2D ANIMATED MUSIC VIDEO
The intention was not to animate Francois literally. The goal was to translate his personal history into metaphor. His book describes real childhood moments. That includes early shows at school in the mid 1990s. These memories became symbolic building blocks for visual storytelling.
The challenge was to express these specific lived experiences without creating a literal biography. Instead the focus was on constructing a visual language that feels like memory, artefact and myth.
The guiding question was: How can the visual world carry emotional truth without physically showing the real person?
To conceptualise, design, and animate a 2D music video for Francois van Coke's song Dominee se Kind.
The outcome had to reinterpret Francois' life and work symbolically, focusing on mood, metaphor, and emotion instead of realism.
Deliverables included: A fully animated 2D music video synced to Dominee se Kind, a symbolic main character design representing Francois as an automaton, visual transitions between key emotional "eras" of his life, storyboards, styleframes, and pre-production treatments, a cohesive visual language reflecting the tone of the song and the grit of punk culture.
Francois was designed as an automaton. A machine assembled from fragments of his own career. Each cassette represents an album or an era. As the video progresses these tapes physically attach to his body. They mark him and they also weigh him down. His past becomes visible and tangible.
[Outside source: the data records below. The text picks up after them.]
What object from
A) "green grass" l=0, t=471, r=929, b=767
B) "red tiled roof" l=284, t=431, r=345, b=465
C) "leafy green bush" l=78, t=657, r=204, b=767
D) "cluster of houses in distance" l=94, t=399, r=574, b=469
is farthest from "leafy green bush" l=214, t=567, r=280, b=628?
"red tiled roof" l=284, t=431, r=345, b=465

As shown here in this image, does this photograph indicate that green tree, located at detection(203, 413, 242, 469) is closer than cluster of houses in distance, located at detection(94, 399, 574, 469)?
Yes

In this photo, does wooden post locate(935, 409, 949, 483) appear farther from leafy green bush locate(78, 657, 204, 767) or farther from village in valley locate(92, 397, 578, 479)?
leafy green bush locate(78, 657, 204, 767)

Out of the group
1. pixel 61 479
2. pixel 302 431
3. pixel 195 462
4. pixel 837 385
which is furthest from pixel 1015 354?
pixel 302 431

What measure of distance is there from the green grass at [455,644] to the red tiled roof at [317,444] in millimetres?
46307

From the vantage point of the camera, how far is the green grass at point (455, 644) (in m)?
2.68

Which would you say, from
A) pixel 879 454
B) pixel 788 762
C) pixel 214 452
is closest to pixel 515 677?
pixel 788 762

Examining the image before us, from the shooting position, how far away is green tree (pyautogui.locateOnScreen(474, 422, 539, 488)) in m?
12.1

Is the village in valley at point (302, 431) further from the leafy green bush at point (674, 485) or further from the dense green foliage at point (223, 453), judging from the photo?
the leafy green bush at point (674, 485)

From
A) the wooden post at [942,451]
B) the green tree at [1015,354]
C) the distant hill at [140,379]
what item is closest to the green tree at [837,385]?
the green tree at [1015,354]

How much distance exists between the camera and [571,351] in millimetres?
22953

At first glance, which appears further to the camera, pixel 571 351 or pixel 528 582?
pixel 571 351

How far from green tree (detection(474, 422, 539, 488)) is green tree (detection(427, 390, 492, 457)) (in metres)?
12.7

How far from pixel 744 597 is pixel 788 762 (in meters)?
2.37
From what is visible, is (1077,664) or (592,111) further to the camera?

This visual language was intentionally created using a Xerox photocopy and punk zine vocabulary. The grunge texture. The rough halftones. The dirty ink edges. The imperfect cut out letters.
This approach embodies the rawness of Francois. Not polished nostalgia. Instead nostalgia that feels lived in. Photocopied. Stapled together. Passed from hand to hand.
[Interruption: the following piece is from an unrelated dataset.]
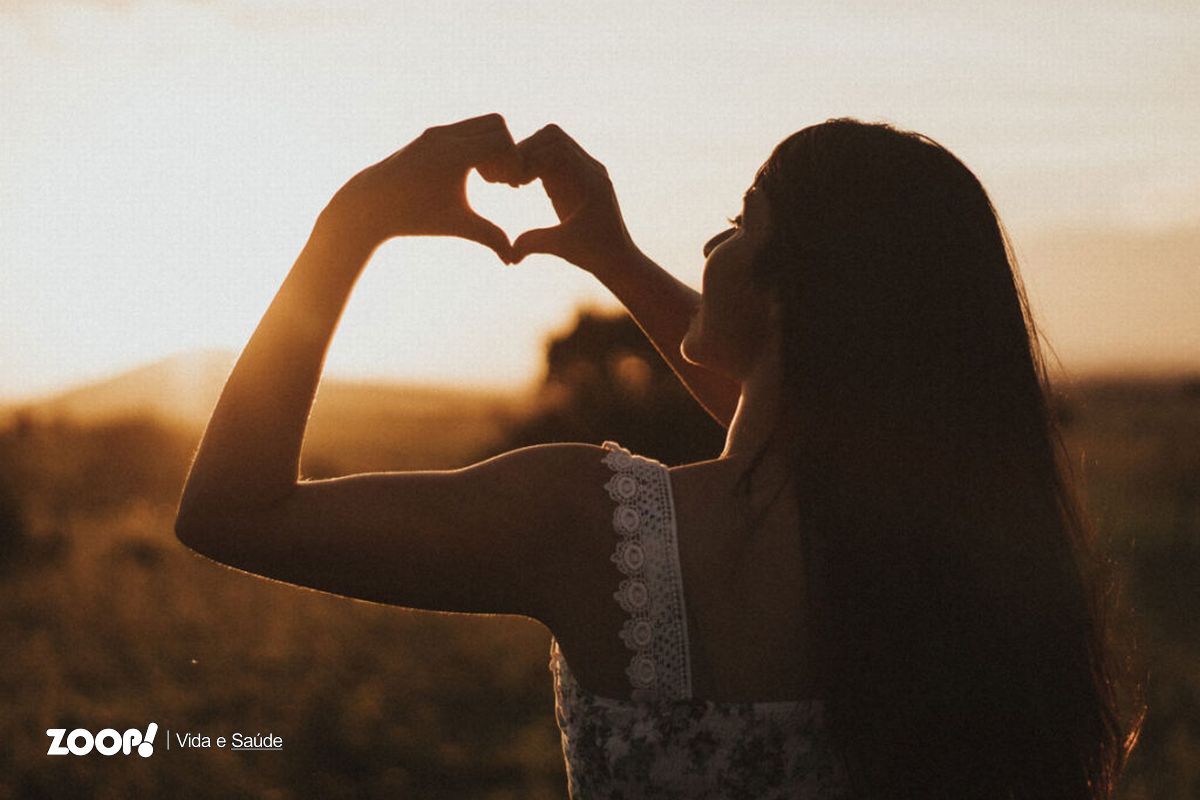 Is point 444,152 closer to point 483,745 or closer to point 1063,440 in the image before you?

This music video is made for fans of Francois van Coke, especially those who know his history and album journey. It also appeals to viewers who enjoy experimental animation, punk inspired visuals and symbolic storytelling.
This piece is for people who connect to raw emotion, nostalgia and identity in motion.
The narrative unfolds like a memory collage. It begins with that early symbolic moment. 1996. A kid on a small stage. A spotlight carrying the weight and potential of the future. From there the automaton performs through abstract environments that reflect different emotional eras from the book and from his music career.
As each chapter of his life sticks to him the tapes accumulate. They become physical memory objects. They represent albums and eras that shaped him. His body becomes denser and heavier and more layered with history. Near the end he tries to lift off but he cannot. Not because he is broken but because nostalgia has weight.
This piece is not about realism. It is about the emotional mechanics of identity. It shows that transformation can uplift and burden at the same time. We are built from where we have been. That weight can become the very reason we struggle to take flight.
The visual world revolves around a black and pink palette. The pink is not random. It is taken directly from Francois van Cokes latest album Die Ruimte. This colour serves as a direct thread that links the animation back to his current work and identity. It becomes a visual anchor and acts as an immediate emotional cue.
The animated world is layered with photographic textures and halftone shading. It mixes graphic shapes and collage fragments. The character and the tapes exist inside a space that is slightly unreal. It is not a real location. It is more like a psychological room. A memory stage.
This visual language is inspired by punk zines and old print media. The project needed to feel like something that could have been assembled by hand on a club floor or on a bedroom carpet.
The Xerox texture. The torn edges. The overprinted blacks. These traits carry a physical weight. They feel real. They feel imperfect. That imperfection makes it feel more honest.
The animated world is layered with photographic textures and halftone shading. It mixes graphic shapes and collage fragments. The character and the tapes exist inside a space that is slightly unreal. It is not a real location. It is more like a psychological room. A memory stage.
This style serves as a visual space where identity can be assembled and torn apart again. This grunge and photocopy aesthetic becomes the right medium for telling a story about transformation and the weight of a creative history.